-- Opening Marker --

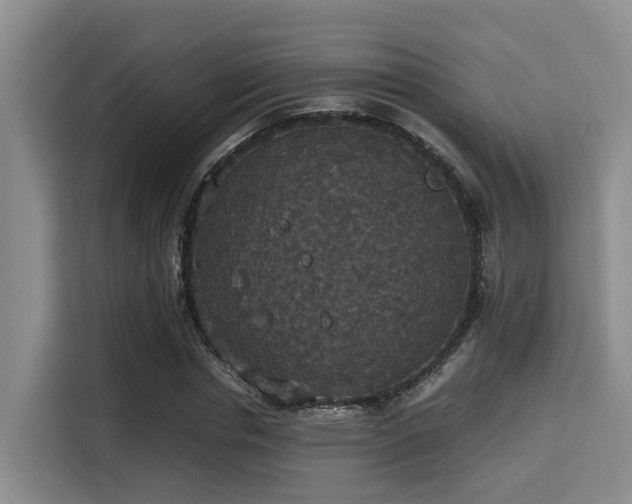 X0000115350826200911101134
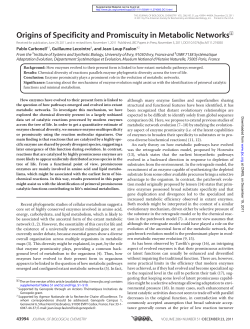 Origins of Specificity and Promiscuity in Metabolic Networks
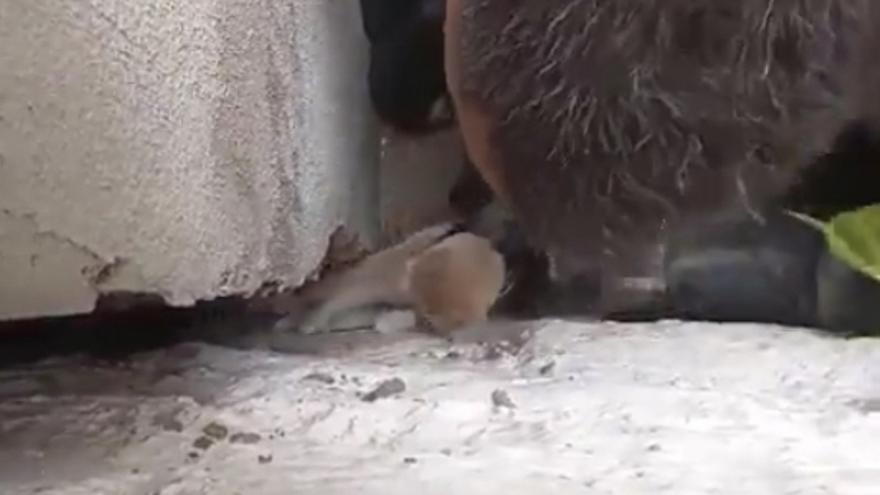 Los bomberos de Tafalla liberan a un gato que llevaba 4 días en una grieta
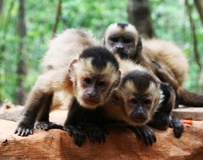 monos capuchinos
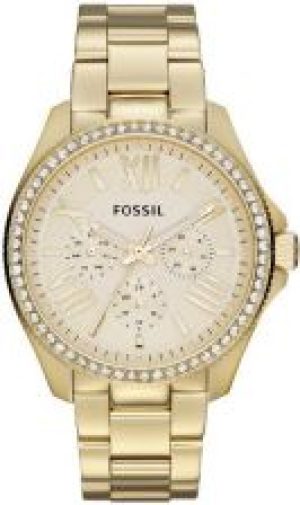 Fossil Cecile Sport Women AM4482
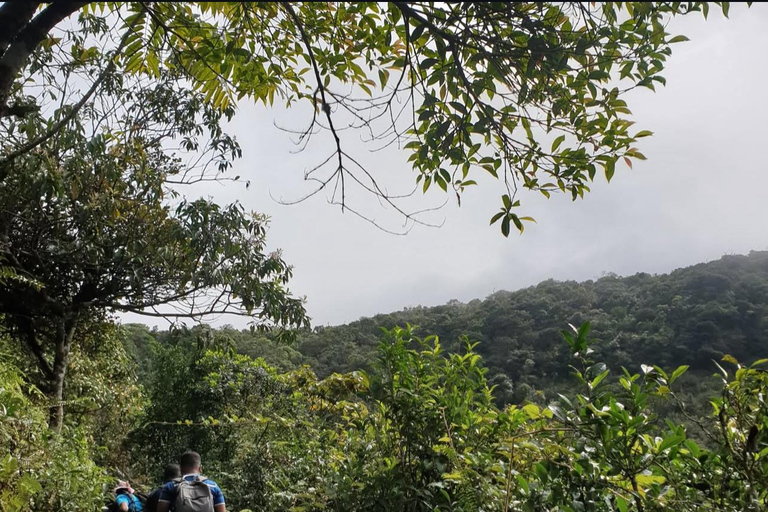 From Kandy To Secret Sri Lankan: Nature, Tea & Gems Day Tour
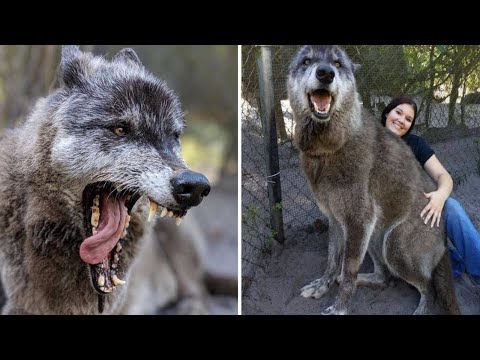 YouTube video about: How much do wolves cost?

-- Closing Marker --

With the pictures left out, please output each line from the one containing "Los bomberos de" through the end of the entries, exactly as it is.

 Los bomberos de Tafalla liberan a un gato que llevaba 4 días en una grieta
 monos capuchinos
 Fossil Cecile Sport Women AM4482
 From Kandy To Secret Sri Lankan: Nature, Tea & Gems Day Tour
 YouTube video about: How much do wolves cost?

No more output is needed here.